- What you are asked to do:
From the line containing "1035 River Laurel" through the last line of the records, print every line exactly and nothing more.

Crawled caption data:
-*-

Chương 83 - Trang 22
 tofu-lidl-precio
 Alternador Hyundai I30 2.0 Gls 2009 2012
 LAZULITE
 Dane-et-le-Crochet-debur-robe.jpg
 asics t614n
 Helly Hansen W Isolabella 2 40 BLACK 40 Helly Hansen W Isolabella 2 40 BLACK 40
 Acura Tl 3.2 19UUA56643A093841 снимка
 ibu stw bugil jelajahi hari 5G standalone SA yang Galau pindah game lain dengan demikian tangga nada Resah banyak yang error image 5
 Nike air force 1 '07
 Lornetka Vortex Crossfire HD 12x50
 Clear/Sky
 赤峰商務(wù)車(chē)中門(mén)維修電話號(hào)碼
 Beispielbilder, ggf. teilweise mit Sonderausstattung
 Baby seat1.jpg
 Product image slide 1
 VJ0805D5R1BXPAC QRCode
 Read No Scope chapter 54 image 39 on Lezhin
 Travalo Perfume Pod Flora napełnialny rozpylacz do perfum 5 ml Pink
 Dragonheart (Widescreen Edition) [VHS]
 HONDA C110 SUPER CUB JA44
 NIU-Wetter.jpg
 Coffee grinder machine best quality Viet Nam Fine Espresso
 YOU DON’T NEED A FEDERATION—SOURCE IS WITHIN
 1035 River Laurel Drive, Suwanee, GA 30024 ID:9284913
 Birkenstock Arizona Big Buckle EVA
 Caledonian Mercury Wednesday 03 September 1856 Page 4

-*-

- Answer to the exercise:
 1035 River Laurel Drive, Suwanee, GA 30024 ID:9284913
 Birkenstock Arizona Big Buckle EVA
 Caledonian Mercury Wednesday 03 September 1856 Page 4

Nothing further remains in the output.